We should be preparing ourselves for dramatic changes on the horizon,
but instead we’re playing this endless game of Duck Duck Goose with an orange
clown.
We
should be preparing for the end of oil and the end of work. We should be talking about the impact that
both of these all but inevitable events are going to do to radically change our
lives. Sweden has announced that it is
outlawing fossil fuels in 2020. The EU
is seriously considering banning the use of plastic in packaging. Meanwhile, we’re trying to figure out who
Trump is going to pardon next. One of
the consequences of an utterly incompetent president is that we fall further
behind the rest of the world when it comes to preparing for what’s next.
It’s
not a new thing to contemplate the end of oil.
James Ridgeway was writing about it back in the early 70’s. What is new is that some forward- thinking
nations are actually starting to plan for it.
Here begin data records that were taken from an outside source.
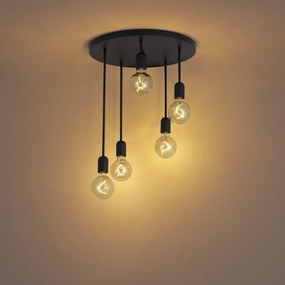 Nowoczesna lampa sufitowa czarna 5-światłowa - Facil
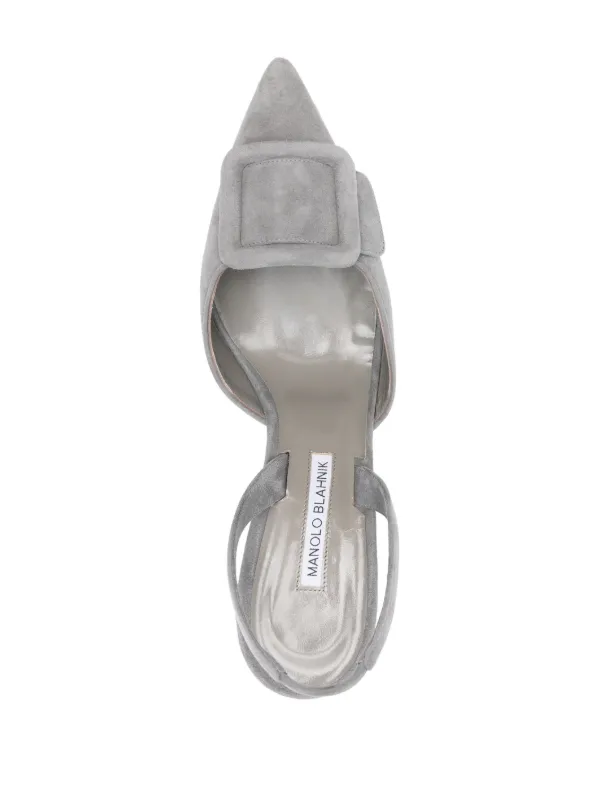 シューズ・サンダルその他 MANOLO BLAHNIK Woman Pumps Grey 4241928 0334 BB | Light Grey Suede Pointed Toe Pumps | Manolo Blahnik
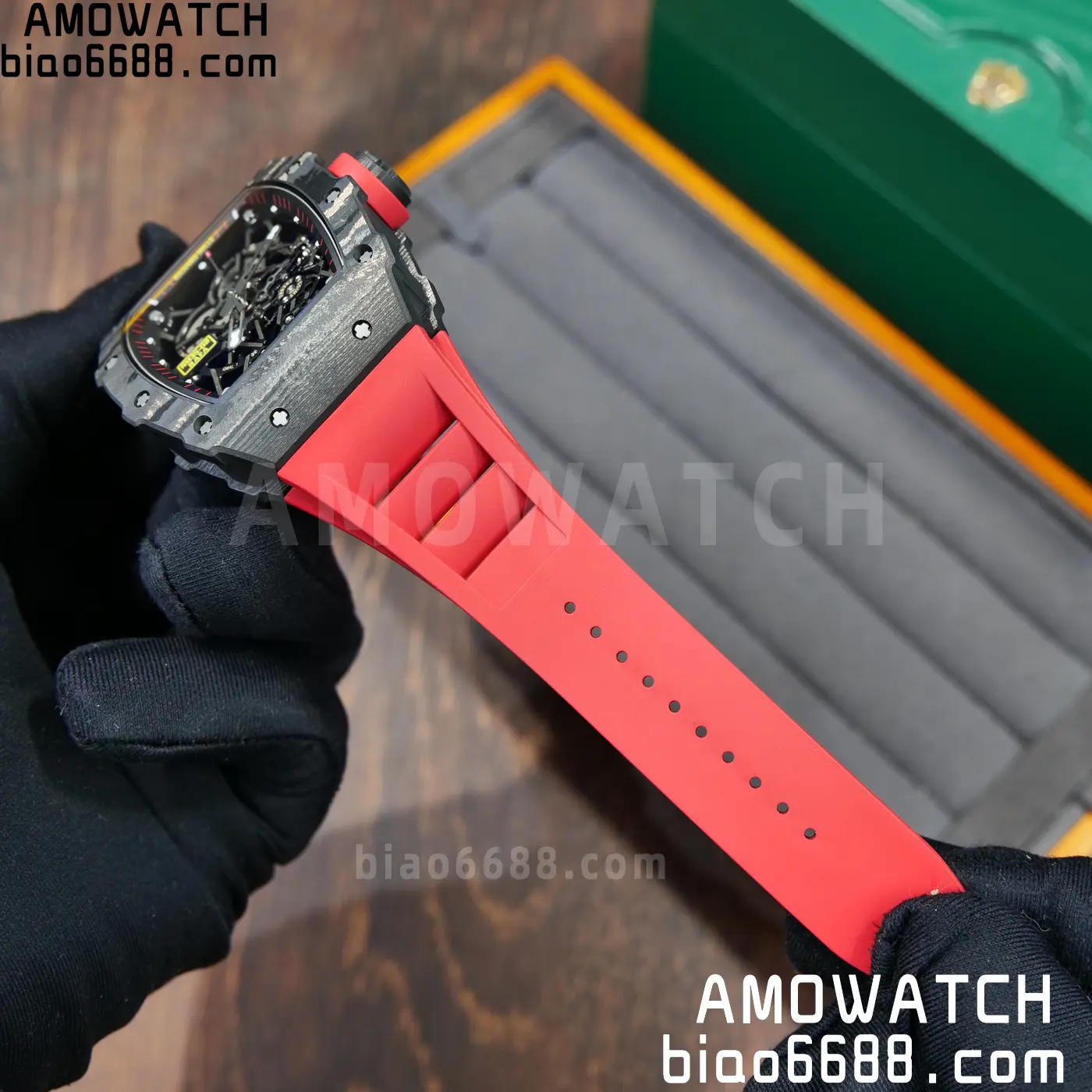 RICHARD MILLE RM35-02 NTPT Mille Studio 1:1 Best Edition on Red Rubber Strap RMUL1 Super Clone (Custom Case Set) 95 583b530815f0f17 AMO Watch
It not only means that we have to rethink the sources of energy that we
use, we also have to rethink how that shift alters economic, political and
social structures that have been built around the use of fossil fuel. Oil is a centralizing technology, and using
it to generate heat and power requires a fast infrastructure of extraction and
distribution. When oil goes away, how
does the new energy source both allow and require us to rethink and restructure
our relationship to that infrastructure.
If we think about the military consequences of oil alone, it is clear
that there are new opportunities and new challenges ahead.
If new
energy is more diffuse and more local, if it doesn’t depend on energy grids and
distribution networks designed to serve the petro-chemical industry, what can
we do that was hard to do before? If
everyone could ‘own’ their own energy, even if they had to buy the means to
produce it, what would that mean to our patterns of settlement and trade? The risk is that we’ll plod along thinking
that tomorrow will be mostly like today and miss the chance to get out ahead of
that change. The end of oil is going to
be the largest economic and social shift since the beginning of the Industrial
Revolution, probably even bigger than computers.
The
same thing can be said about work. No
country in the world has ever been more dominated by ‘work’ than we are. It’s how we judge someone’s worth, their
position in society, and it determines what standard of living we expect to
have. It is deeply ingrained in our
cultural values of personal morality – it’s what Locke said made it ok to take
someone else’s land, if you were ‘working’ it and they weren’t. We are facing the replacement of human
workers with AI, robots and computers.
There simply won’t be enough jobs for the number of people who need
them. Whenever a politician says that
their goal is create more jobs, mark them off as a liar and a fool. It ain’t happening. What are we going to do?
We
can’t just continue to hope that the tomorrow will be mostly like today mantra
will apply to this issue. Should we be
moving to guaranteed work, as some have suggested. Should we reprioritize work to put more
emphasis on education, childcare and the environment? It this the mechanism to redistribute wealth
in a way that makes democracy sustainable?
These issues are not just cosmetic.
They are deeply structural and game changing.
The
next time you turn on the news and see Trump’s face, forget about the scandal
of the day and think for a minute about what we’re not talking about. Whatever happens to him, we’re still going to
have to face and work our way through at least these issues and probably more. Let’s spend our time thinking about what is
possible instead of always focusing on what is so obviously wrong.